## To do
Ignoring every picture, return the lines of the listing below word for word, from the line that holds "cartoon pretty woman with speech bubble N66" through the line that holds "Elisabetta Franchi Tailored".

## Records shown
+ + + +
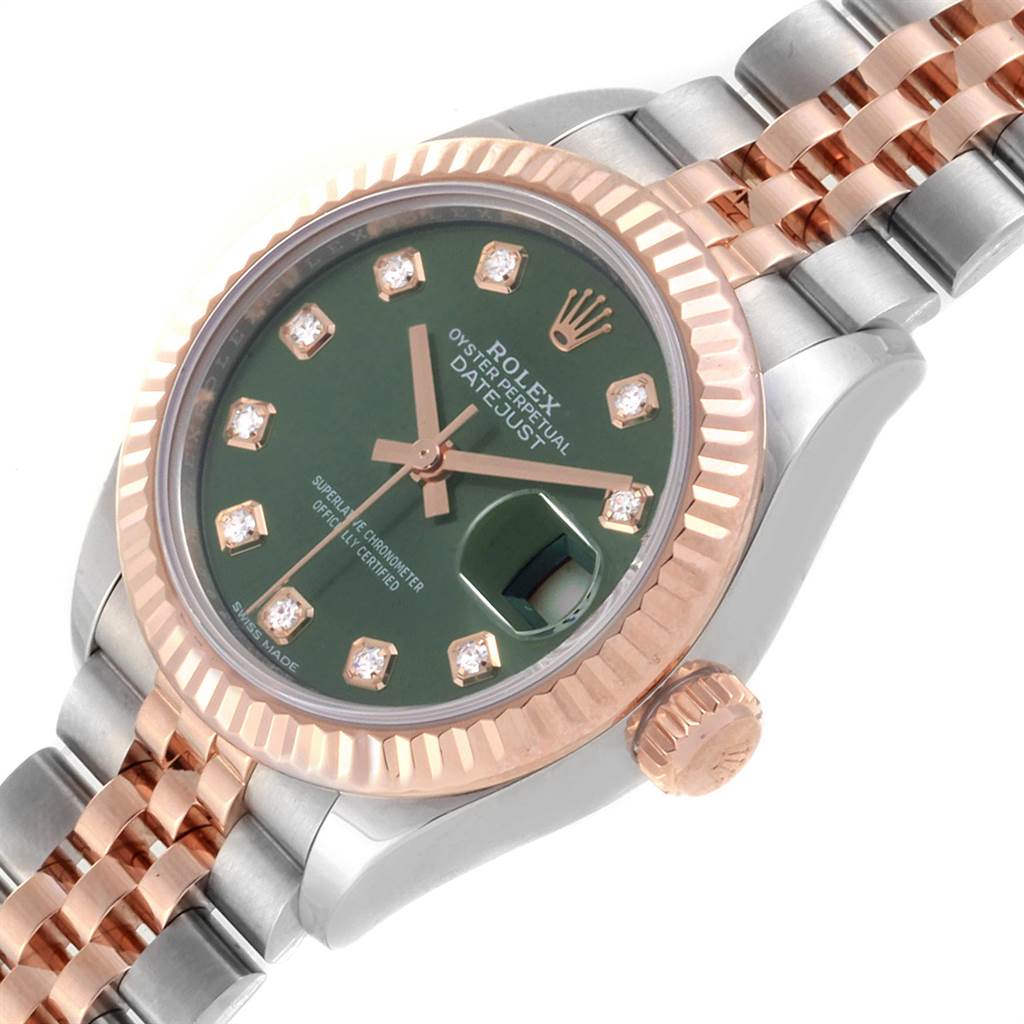 The image shows a close-up, angled view of the Rolex Datejust 279171 Women's Steel and Gold (two tone) Green Dial 279171 Women's Steel and Gold (two tone) Green Dial watch, highlighting the dial, bezel, and part of the bracelet.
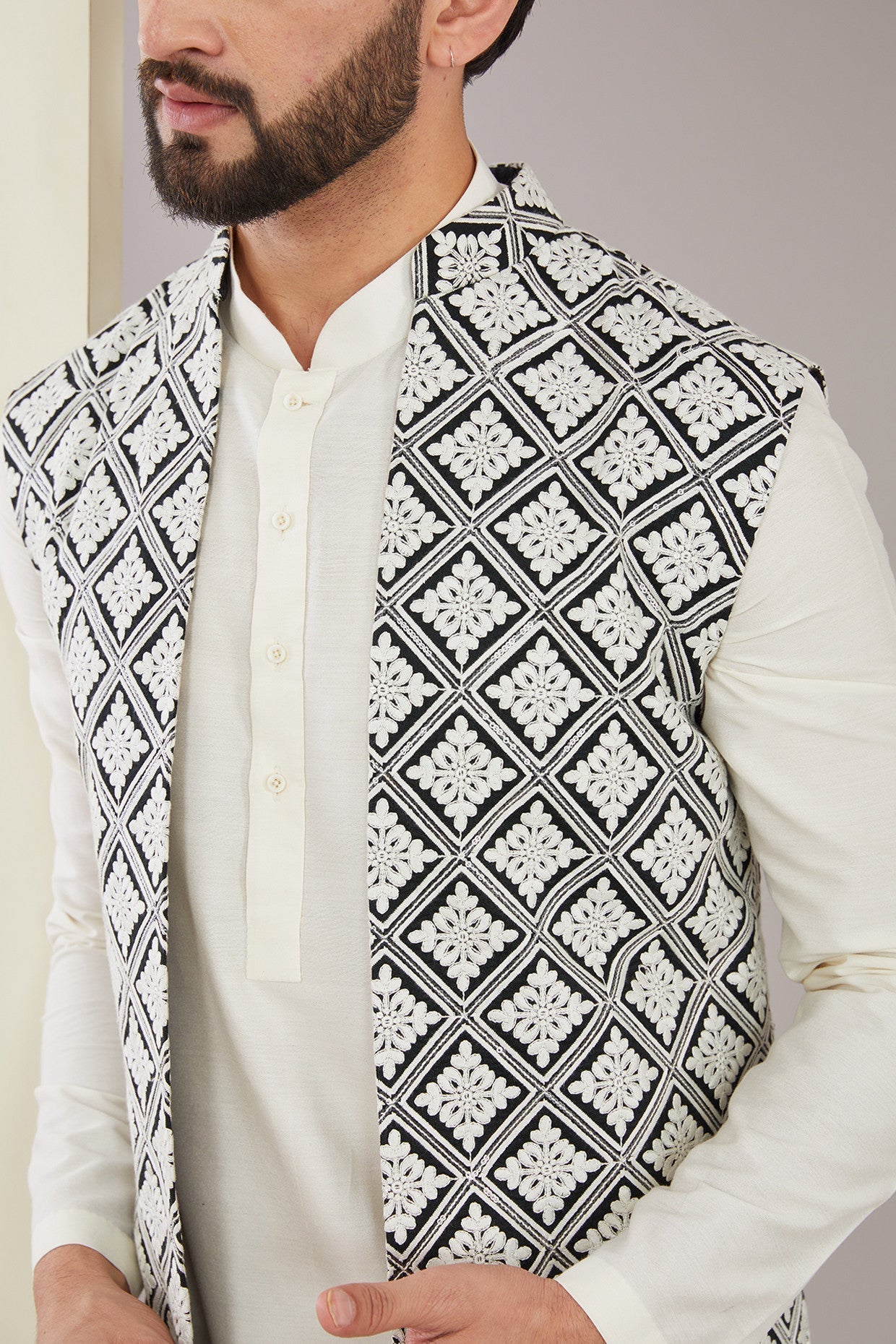 Classic Long Embroidered Open Shrug - kasbahmen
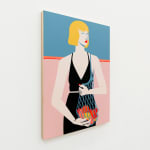 Painting of woman in black dress and a bag of citrus fruit by Jillian Evelyn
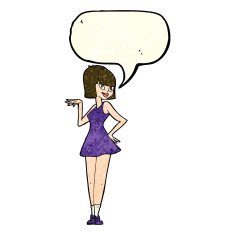 cartoon pretty woman with speech bubble N66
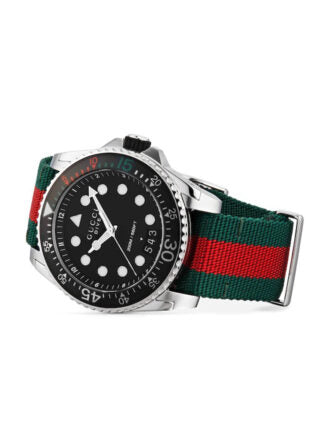 Gucci Men’s Swiss Made Quartz Nylon Strap Black Dial 45mm Watch YA136209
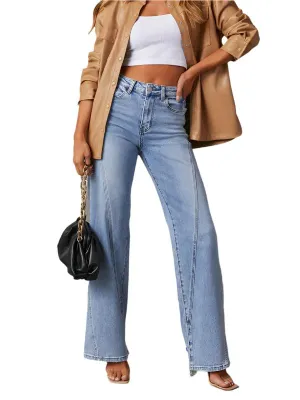 TEEK - Loose Spliced Wide Leg Jeans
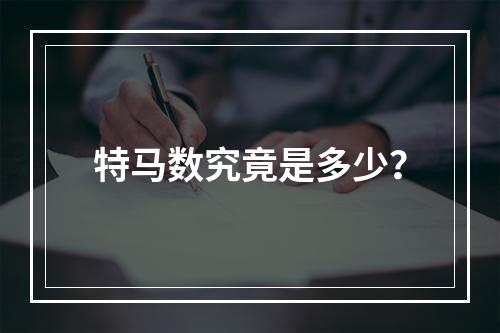 特马数究竟是多少?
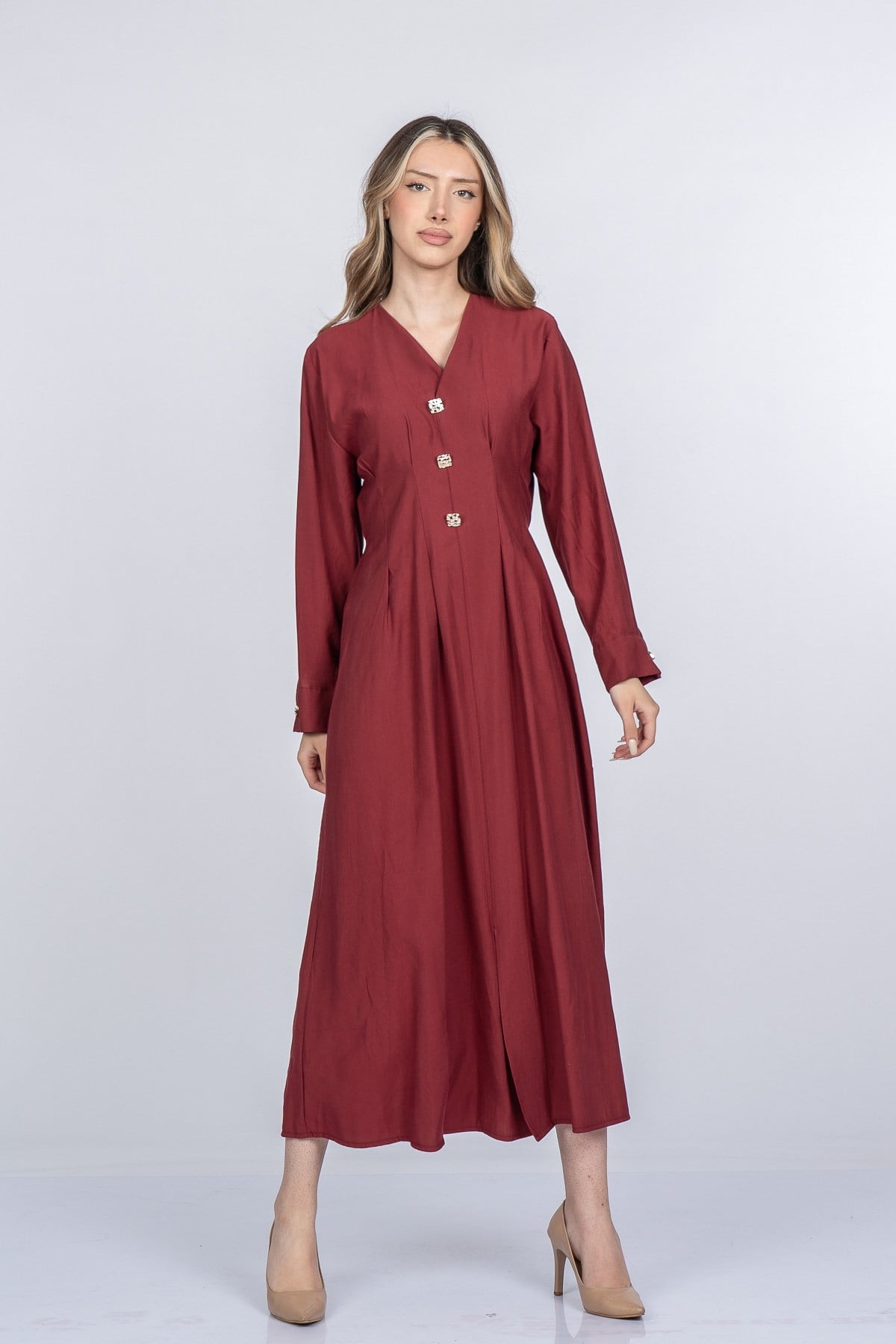 MIRANDA UZUN ELBİSE - BORDO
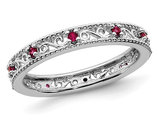 1/5 Carat (ctw) Lab Created Ruby Band Stackable Ring in Sterling Silver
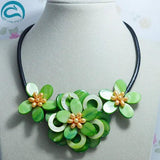 Natural Freshwater Pearls Green Shell Flower Necklace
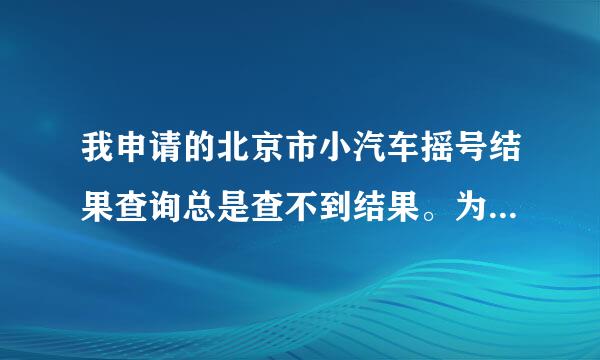 我申请的北京市小汽车摇号结果查询总是查不到结果。为什么？市政府网站太不合理吗？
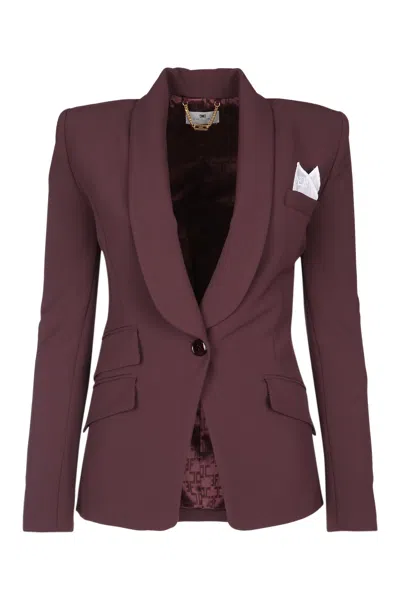 Elisabetta Franchi Tailored Jacket And Trouser Set In Burgundy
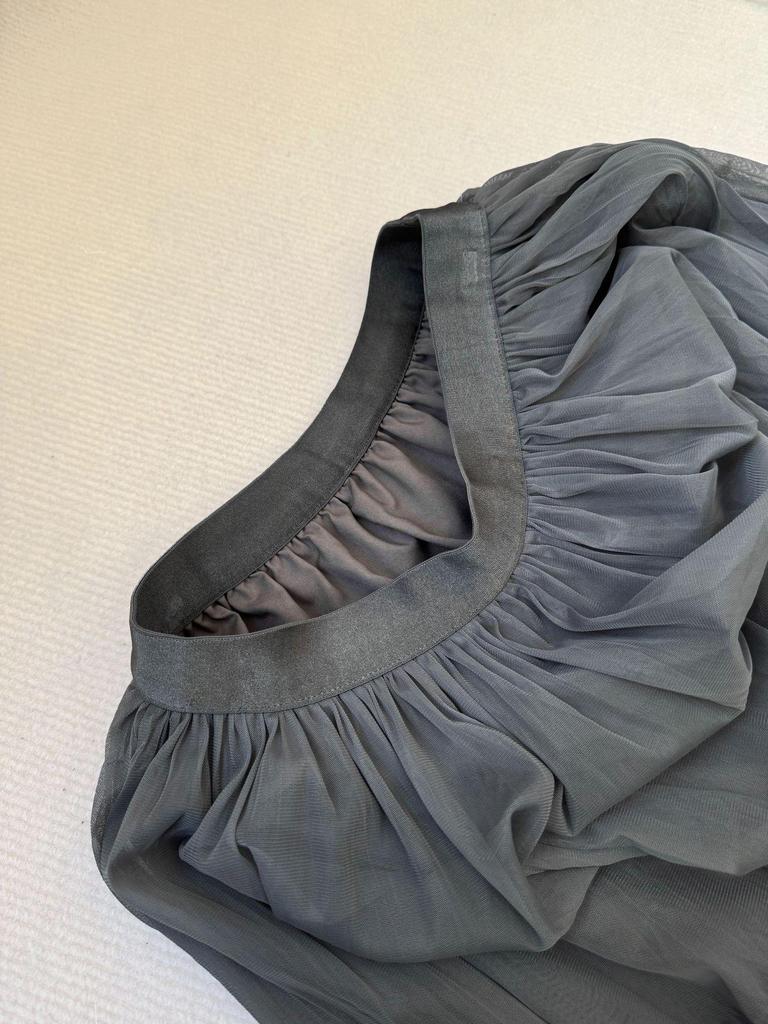 Women’s French-Style High Waist A-Line Mesh Skirt | 2026 Fairy Pleated Loose Hem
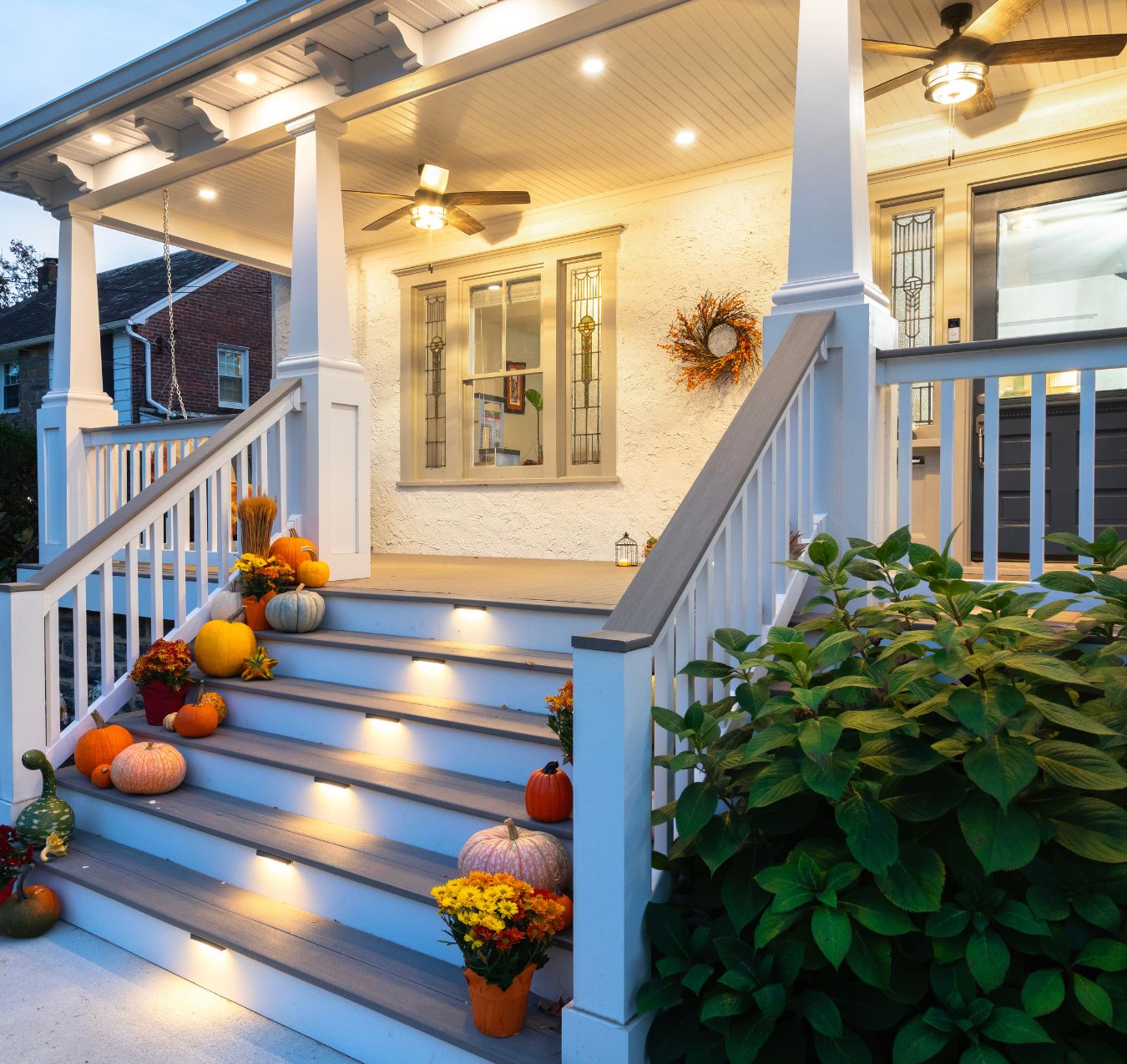 Exterior porch renovation of a Craftsman style home in Havertown, PA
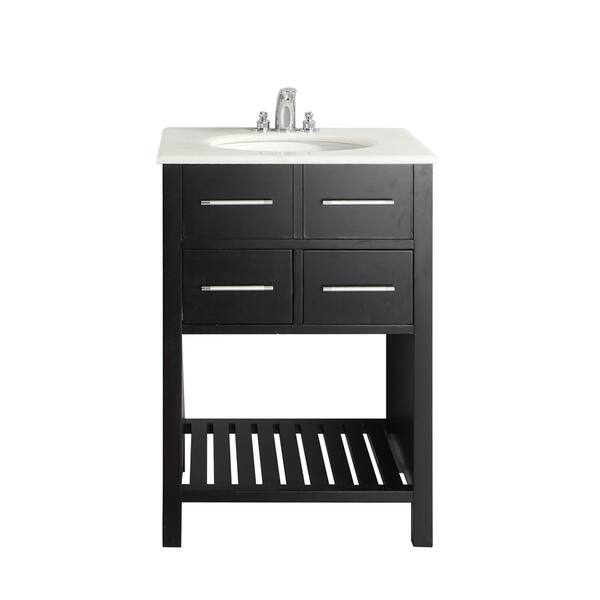WYNDENHALL Manhattan Marble Top 24-inch Black Bath Vanity - Bed Bath ...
+ + + +
## Response to this task
 cartoon pretty woman with speech bubble N66
 Gucci Men’s Swiss Made Quartz Nylon Strap Black Dial 45mm Watch YA136209
 TEEK - Loose Spliced Wide Leg Jeans
 特马数究竟是多少?
 MIRANDA UZUN ELBİSE - BORDO
 1/5 Carat (ctw) Lab Created Ruby Band Stackable Ring in Sterling Silver
 Natural Freshwater Pearls Green Shell Flower Necklace
 我申请的北京市小汽车摇号结果查询总是查不到结果。为什么？市政府网站太不合理吗？
 Elisabetta Franchi Tailored Jacket And Trouser Set In Burgundy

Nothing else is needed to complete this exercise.